COVID-19 Cases Per Day: 431
While the city’s COVID case rates are dropping rapidly, they are still not close to the “lower transmission” level, which is defined by the CDC as between 20-199 new COVID cases per day.
In fact, the city’s case rate is still at a “high transmission” level, according to city data.
COVID-19 Test Positivity Rates: 2%
This metric is already at the “lower transmission” level that would be required to remove mitigations, and if it drops below 2%, then it would fall to the “low transmission” level, the lowest level that it can reach.
Hospital Bed Occupancy: 290
This metric remains in the “substantial transmission” category, but it is still declining and could hit the “lower transmission” threshold of 249 in the coming days.
ICU Bed Occupancy: 97
Chicago officials say that this metric has now officially hit the “lower transmission” level after dropping below 99 over the weekend.
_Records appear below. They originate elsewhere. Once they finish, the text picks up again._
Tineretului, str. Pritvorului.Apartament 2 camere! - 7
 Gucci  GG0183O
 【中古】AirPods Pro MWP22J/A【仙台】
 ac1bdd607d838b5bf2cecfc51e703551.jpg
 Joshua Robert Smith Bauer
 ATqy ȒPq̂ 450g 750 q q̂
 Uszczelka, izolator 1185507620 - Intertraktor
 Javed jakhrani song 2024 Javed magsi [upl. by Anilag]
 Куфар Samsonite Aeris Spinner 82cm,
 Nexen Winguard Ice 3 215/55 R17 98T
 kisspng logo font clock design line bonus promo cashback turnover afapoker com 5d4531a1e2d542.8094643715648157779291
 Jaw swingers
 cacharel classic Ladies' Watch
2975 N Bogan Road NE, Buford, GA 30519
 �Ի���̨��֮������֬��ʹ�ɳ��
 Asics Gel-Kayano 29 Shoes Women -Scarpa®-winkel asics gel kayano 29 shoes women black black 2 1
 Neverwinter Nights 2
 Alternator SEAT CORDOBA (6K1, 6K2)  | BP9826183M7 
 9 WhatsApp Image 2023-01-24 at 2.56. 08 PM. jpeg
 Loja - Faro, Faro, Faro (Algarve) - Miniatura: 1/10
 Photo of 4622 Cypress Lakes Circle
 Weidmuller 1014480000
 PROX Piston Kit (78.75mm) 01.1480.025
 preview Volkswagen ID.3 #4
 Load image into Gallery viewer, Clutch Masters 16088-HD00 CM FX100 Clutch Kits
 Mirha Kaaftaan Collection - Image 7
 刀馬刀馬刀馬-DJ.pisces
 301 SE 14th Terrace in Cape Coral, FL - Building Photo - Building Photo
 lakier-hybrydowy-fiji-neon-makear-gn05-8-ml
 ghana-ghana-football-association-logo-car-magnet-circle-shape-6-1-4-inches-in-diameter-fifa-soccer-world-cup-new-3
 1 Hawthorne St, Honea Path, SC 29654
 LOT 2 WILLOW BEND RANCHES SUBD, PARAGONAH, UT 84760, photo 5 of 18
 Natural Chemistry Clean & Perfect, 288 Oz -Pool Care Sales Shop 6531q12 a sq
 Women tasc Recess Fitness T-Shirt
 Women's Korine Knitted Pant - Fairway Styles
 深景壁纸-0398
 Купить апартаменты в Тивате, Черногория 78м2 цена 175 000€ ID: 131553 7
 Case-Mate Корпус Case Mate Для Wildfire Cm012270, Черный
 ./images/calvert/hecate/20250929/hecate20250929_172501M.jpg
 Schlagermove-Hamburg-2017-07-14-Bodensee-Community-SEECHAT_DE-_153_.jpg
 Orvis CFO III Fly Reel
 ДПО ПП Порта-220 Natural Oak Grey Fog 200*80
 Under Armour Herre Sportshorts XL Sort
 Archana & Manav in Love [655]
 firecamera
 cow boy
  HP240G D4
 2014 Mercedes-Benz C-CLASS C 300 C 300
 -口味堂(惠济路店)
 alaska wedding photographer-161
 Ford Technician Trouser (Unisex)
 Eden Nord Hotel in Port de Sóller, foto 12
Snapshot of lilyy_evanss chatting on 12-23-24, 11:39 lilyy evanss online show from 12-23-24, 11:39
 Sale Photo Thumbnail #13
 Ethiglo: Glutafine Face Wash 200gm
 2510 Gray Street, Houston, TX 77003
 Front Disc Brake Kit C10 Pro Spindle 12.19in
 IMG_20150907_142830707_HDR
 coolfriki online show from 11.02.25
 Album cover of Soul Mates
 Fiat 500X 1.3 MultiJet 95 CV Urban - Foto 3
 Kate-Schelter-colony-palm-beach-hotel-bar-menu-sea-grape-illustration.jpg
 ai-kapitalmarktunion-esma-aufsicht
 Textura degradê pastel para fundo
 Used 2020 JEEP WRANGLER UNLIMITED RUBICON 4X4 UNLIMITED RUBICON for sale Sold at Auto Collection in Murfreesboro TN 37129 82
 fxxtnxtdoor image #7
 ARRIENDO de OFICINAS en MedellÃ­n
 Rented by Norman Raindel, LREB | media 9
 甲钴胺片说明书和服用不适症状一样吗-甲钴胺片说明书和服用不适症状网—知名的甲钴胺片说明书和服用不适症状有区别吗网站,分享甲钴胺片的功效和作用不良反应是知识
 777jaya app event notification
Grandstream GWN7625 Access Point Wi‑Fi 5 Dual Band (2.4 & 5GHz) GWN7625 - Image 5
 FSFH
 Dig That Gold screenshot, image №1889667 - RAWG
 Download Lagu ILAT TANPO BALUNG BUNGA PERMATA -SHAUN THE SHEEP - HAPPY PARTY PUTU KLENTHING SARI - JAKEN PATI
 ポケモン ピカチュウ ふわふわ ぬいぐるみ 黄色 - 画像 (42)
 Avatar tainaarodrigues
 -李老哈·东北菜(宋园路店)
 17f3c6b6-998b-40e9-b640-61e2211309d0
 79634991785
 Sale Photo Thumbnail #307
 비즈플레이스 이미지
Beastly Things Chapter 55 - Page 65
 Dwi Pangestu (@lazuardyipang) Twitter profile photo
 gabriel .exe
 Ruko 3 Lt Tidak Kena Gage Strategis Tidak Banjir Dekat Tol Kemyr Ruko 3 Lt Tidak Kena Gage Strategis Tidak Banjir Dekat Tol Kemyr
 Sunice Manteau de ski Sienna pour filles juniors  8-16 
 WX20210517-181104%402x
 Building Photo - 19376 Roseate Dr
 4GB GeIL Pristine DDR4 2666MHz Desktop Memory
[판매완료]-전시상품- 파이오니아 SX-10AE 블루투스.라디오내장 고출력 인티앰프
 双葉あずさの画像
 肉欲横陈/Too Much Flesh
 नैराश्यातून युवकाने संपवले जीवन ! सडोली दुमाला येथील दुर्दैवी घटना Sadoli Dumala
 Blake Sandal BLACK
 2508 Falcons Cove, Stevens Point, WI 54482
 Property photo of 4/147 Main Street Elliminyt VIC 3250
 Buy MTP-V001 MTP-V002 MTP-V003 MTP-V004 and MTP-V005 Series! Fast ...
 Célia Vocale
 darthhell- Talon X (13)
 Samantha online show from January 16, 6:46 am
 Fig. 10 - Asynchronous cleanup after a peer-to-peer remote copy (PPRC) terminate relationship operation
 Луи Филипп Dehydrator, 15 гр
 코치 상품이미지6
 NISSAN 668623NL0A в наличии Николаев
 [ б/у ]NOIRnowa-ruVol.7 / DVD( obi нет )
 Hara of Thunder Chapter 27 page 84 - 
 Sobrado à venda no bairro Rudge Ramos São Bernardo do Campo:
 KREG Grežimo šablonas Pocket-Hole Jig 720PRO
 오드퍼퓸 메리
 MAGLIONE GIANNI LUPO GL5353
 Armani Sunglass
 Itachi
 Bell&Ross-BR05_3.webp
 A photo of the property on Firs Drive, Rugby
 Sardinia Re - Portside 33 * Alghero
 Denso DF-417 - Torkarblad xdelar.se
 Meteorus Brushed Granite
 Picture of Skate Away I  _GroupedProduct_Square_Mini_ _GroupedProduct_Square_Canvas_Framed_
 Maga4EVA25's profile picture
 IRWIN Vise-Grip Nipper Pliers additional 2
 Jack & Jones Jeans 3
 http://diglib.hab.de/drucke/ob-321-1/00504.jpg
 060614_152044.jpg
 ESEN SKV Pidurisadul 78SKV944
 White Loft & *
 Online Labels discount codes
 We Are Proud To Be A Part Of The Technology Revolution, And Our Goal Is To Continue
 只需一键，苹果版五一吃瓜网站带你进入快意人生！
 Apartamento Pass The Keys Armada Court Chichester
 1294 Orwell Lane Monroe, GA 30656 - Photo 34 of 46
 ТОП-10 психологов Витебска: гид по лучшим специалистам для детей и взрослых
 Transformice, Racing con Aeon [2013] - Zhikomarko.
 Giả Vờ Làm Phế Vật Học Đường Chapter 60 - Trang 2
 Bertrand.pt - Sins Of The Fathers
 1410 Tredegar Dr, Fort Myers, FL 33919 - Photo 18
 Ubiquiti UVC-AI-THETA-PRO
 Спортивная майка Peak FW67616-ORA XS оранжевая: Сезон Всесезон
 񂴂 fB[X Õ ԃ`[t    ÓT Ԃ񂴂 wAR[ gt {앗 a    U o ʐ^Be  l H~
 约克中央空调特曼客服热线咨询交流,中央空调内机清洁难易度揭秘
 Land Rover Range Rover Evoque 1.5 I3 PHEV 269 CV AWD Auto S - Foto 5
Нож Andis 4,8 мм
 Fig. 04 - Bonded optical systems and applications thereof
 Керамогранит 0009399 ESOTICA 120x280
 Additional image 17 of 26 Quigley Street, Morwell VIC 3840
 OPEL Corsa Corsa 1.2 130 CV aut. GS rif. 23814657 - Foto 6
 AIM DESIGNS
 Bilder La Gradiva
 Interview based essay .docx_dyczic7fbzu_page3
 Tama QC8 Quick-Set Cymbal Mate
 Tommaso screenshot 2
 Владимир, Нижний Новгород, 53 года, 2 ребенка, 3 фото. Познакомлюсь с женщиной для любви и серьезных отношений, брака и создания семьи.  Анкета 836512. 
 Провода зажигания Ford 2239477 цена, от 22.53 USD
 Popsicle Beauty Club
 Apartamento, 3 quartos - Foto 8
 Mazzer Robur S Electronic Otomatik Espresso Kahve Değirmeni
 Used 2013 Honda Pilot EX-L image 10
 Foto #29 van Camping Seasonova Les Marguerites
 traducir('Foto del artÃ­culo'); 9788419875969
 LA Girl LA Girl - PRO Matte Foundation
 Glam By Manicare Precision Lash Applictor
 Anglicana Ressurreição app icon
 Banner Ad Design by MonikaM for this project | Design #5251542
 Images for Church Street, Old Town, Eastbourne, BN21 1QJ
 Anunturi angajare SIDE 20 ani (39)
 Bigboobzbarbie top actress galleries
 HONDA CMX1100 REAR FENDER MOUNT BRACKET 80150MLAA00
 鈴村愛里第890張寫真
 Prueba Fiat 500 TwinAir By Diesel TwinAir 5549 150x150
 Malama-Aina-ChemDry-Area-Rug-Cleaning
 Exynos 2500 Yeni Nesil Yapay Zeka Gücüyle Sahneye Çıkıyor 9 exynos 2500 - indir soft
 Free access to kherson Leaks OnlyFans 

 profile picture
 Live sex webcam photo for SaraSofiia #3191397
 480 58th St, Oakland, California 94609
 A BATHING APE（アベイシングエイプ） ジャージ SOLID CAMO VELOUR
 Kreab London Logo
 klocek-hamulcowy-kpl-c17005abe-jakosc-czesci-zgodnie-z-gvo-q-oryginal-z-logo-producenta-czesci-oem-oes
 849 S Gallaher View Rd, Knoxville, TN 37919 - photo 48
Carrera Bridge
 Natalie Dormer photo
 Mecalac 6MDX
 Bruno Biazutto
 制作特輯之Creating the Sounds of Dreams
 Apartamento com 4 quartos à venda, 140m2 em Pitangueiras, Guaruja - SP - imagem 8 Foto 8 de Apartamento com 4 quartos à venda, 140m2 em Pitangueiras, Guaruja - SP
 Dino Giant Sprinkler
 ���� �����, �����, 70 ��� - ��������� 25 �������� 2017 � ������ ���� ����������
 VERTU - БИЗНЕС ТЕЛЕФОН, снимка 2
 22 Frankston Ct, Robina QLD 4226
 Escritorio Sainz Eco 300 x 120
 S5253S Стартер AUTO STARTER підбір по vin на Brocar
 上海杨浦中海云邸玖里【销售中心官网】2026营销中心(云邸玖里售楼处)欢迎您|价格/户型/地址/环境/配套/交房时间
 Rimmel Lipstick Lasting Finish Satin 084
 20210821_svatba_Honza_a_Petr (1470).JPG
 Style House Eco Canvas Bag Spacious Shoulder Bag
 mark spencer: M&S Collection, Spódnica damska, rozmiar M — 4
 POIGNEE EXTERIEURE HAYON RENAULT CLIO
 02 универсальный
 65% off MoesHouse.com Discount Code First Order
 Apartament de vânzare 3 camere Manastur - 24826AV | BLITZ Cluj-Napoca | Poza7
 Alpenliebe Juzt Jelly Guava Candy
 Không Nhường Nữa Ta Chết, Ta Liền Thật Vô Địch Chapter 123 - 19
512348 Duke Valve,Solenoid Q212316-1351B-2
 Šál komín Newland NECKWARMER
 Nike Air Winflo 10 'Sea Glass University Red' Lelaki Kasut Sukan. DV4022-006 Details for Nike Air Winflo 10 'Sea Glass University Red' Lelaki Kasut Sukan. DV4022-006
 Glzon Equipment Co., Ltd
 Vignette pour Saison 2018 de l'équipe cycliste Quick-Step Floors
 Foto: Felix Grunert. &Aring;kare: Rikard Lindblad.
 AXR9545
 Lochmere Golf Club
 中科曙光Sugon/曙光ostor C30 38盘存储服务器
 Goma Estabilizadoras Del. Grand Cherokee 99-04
This number would have to stay at 99 or below for two consecutive weeks in order for mitigations to be rolled back.
When Could Mitigations Be Rolled Back?
City officials say that once three of the preceding four metrics hit the “lower transmission” level, that will start a two-week clock, known as an “incubation cycle.”
After those two weeks, if the numbers remain within the “lower transmission” category, then officials would move to remove mitigations that are in place.